- ASSIGNMENT
Only the lines running from the line with "REDKISS Blue Microfiber" to the end of the listing below should be copied, exactly, without pictures.

- RAW DATA
*** Begin section ***

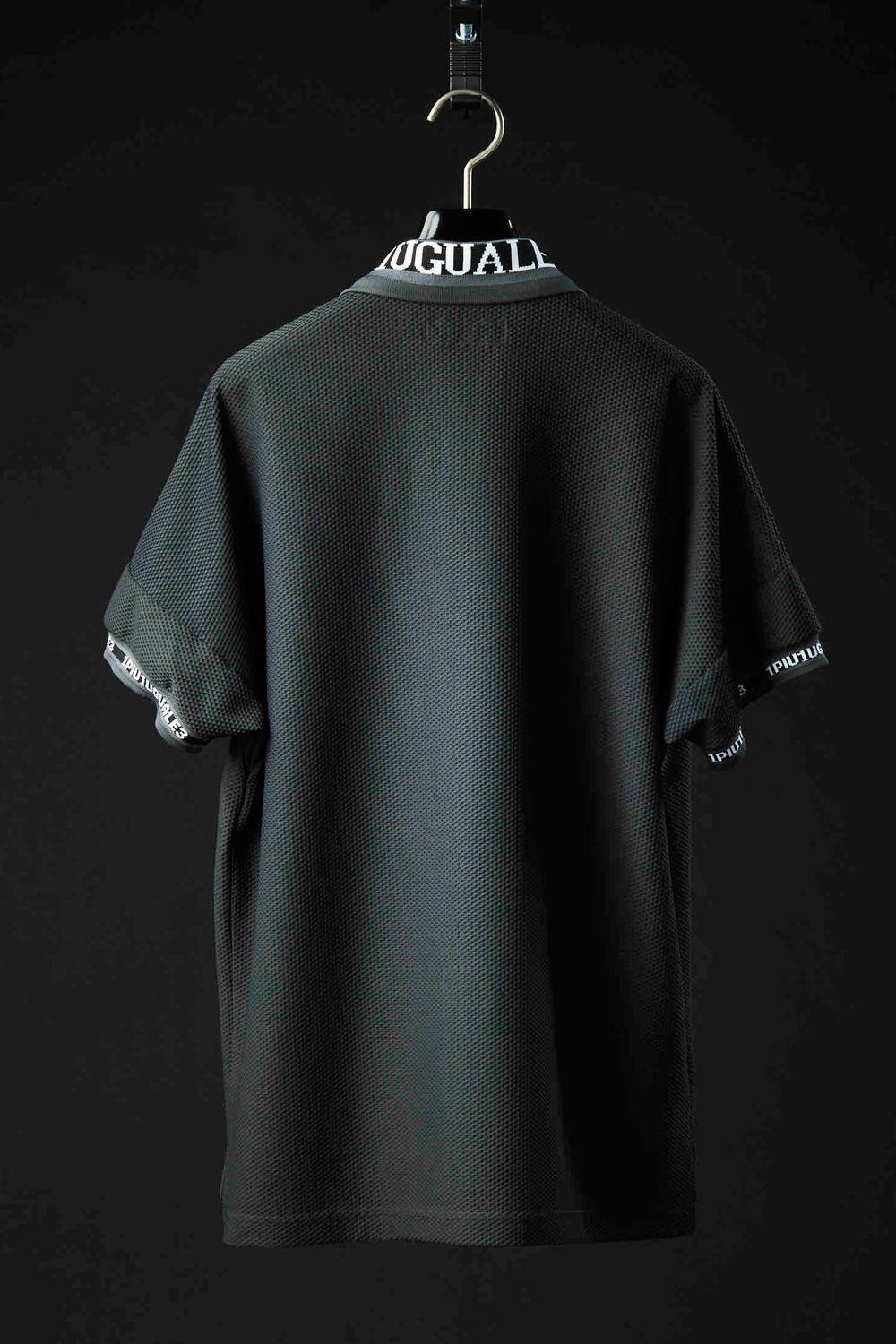 113SPORT TECHNICAL MESH WIDE POLO / テクニカル メッシュ ワイドシルエット ポロシャツ チャコール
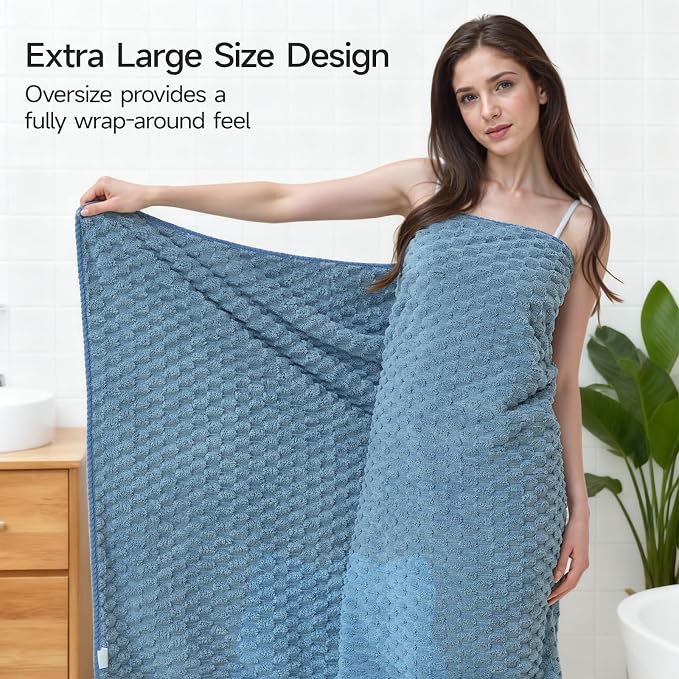 REDKISS Blue Microfiber Bath Towels Set of 6-35x70 Inches Oversized Bath Sheets - Image 3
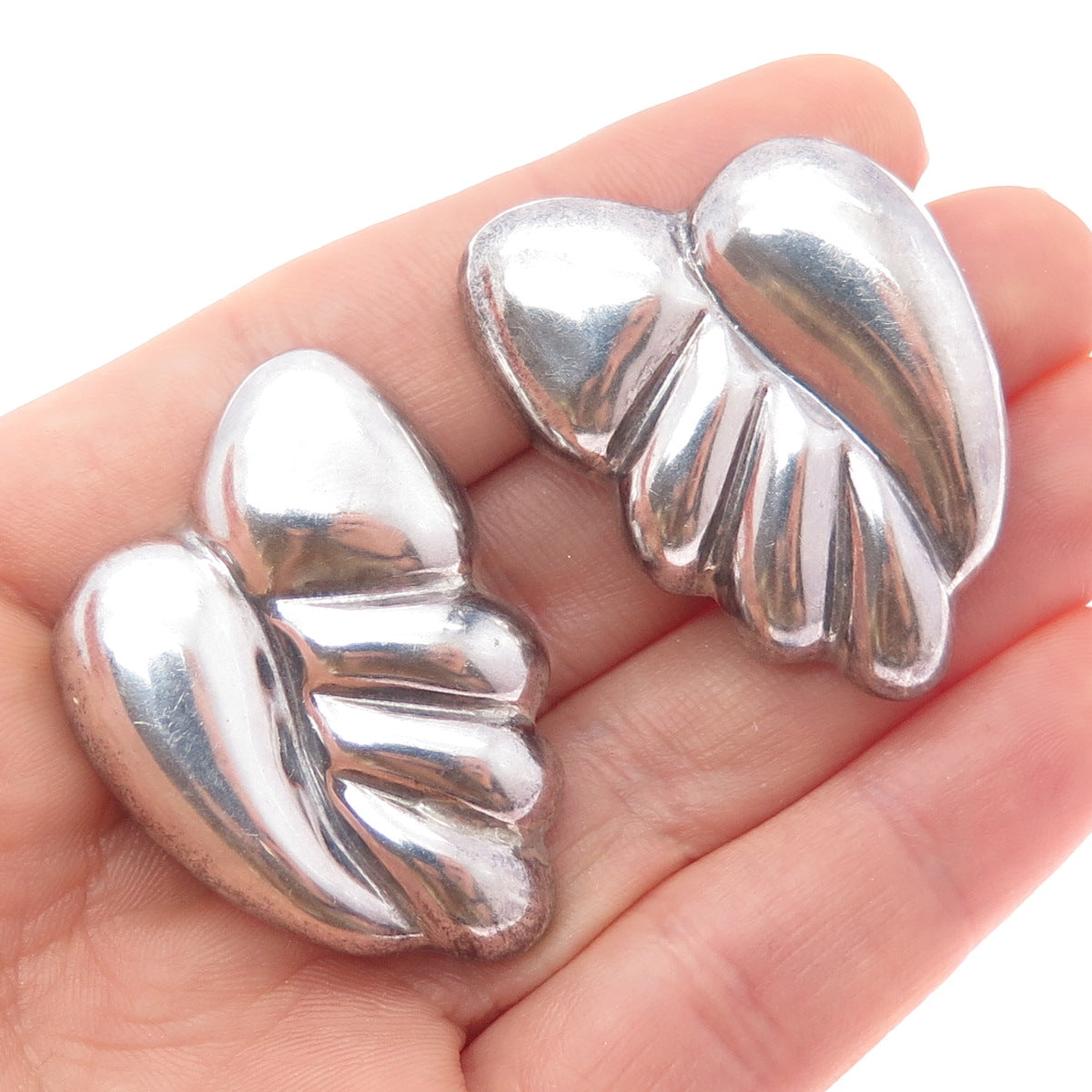 925 Sterling Silver Vintage Mexico Modernist Heart Clip On Earrings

*** End section ***

- WRITTEN REPLY
 REDKISS Blue Microfiber Bath Towels Set of 6-35x70 Inches Oversized Bath Sheets - Image 3
 925 Sterling Silver Vintage Mexico Modernist Heart Clip On Earrings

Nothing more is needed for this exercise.